Setelah menhadirkan pandangan para filsuf di atas, Dr. Mahmud Hamdi Zaqzuq menyimpulkan bahwa sejarah panjang pemikiran Islam terbukti terbukti memiliki kerakter yang khas dan diperjuangan dari masa ke masa, yaitu spirit wasatiah atau harmonisasi antara agama dan filsafat. Mengapa demikian terjadi? Karena proyek pemikiran para filsuf muslim adalah bagaimana caranya menghadirkan bangunan pemikiran yang kuat dan mendalam kepada dunia, yang mana kontruksi pemikiran tersebut berada di jalan yang benar menurut agama dan filsafat. ( Lihat Daur al Islam fi Tathowwur al Fikr al Falsafi, cet. Maktabah Wahbah 1984)

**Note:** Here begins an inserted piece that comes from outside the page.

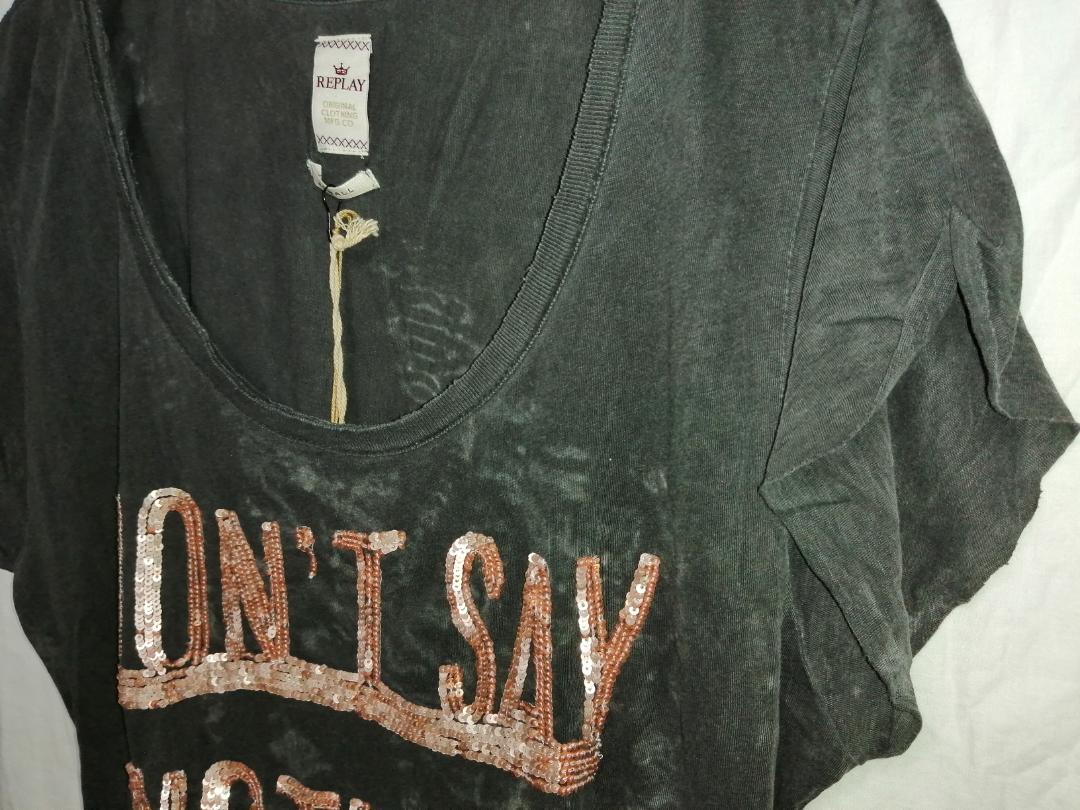 未使用タグ付きREPLAYリプレイ　スパンコール　Tシャツ　ダメージ加工あり 未使用タグ付きREPLAYリプレイ スパンコール Tシャツ ダメージ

Rupanya, prinsip wasatiyah yang dimiliki Dr. Mahmud Hamdi Zaqzuq inilah yang membuat orang membaca buku-bukunya yang meski memiliki corak filsafat begitu kuat, tapi mampu menimbulkan suasana kebatinan yang adem dan tenang. Keunikan buku-buku dia adalah meski membicarakan teori-teori filsafat yang mendalam, tapi selalu disertai dengan ide-ide yang berlandaskan al Quran. Mungkin hal inilah yang menjadi jawaban dari keresahan say selama ini, mengapa kalau di Indonesia orang belajar filsafat tak jarang bertingkah aneh-aneh. Makanya ilmu filsafat hingga kini termasuk salah satu ilmu yang sulit masuk ke kalangan pesantren, hal itu bukan berarti terjadi tanpa alasan, melainkan tersebab munculnya kesan-kesan miring yang justru diberikan oleh orang-orang yang ‘konon’ disebut sebagai aktifis dan pegiat filsafat di universitas-universitas umum maupun Islam.
Fenomena tersebut, berbeda dengan apa yang kami temui di Al Azhar. Di sini, banyak pemikir yang lahir dan besar di jurusan filsafat. Anehnya, filsafat yang diajarkan di al Azhar sama sekali tidak mengesankan kontradiksinya dengan agama, sebagaimana yang terjadi di Barat yang ingin melawan doktrin-doktrin keagamaan mengatasnamakan diri sebagai penganut filsafat materialistik.
Alih-alih berlawanan dengan doktrin agama, tidak jarang pakar filsafat di Azhar, pada waktu yang sama, mereka juga menguasai ilmu-ilmu syariat dengan sangat kuat. Kita bisa melihatnya pada sosok seperti Grand Syaikh Ahmad Thayyib, Dr. Mahmud Hamdi Zaqzuq, Syekh Abdul Fadell al Qusi, Syekh Abdullah Diraz, Dr. Muhammad Imarah, dan masih banyak yang lainnya.
Entah kenapa, melihat fenomena Dr. Mahmud Hamdi Zaqzuq ini mengingatkan saya pada karya Anwar al Qudsiyah yang dikarang oleh Imam Syakroni, di sana ia mengatakan bahwa ilmu hakikat tidak akan berlawanan dengan syariat. Keduanya akan dipahami bertentangan jika ide yang disampaikan oleh sufi atau fakih yang kurang dan amatiran. Berbeda jika ilmu hakikat/tasawwuf diserahkan pada ahli fikih yang sempurna ( al Fakih al Tam), atau ilmu syariat diserahkan pada sufi yang sempurna ( al Sufi al Tam), maka keduanya akan selalu bersama dan menunjukkan suatu wujud keharmonisan yang sempurna.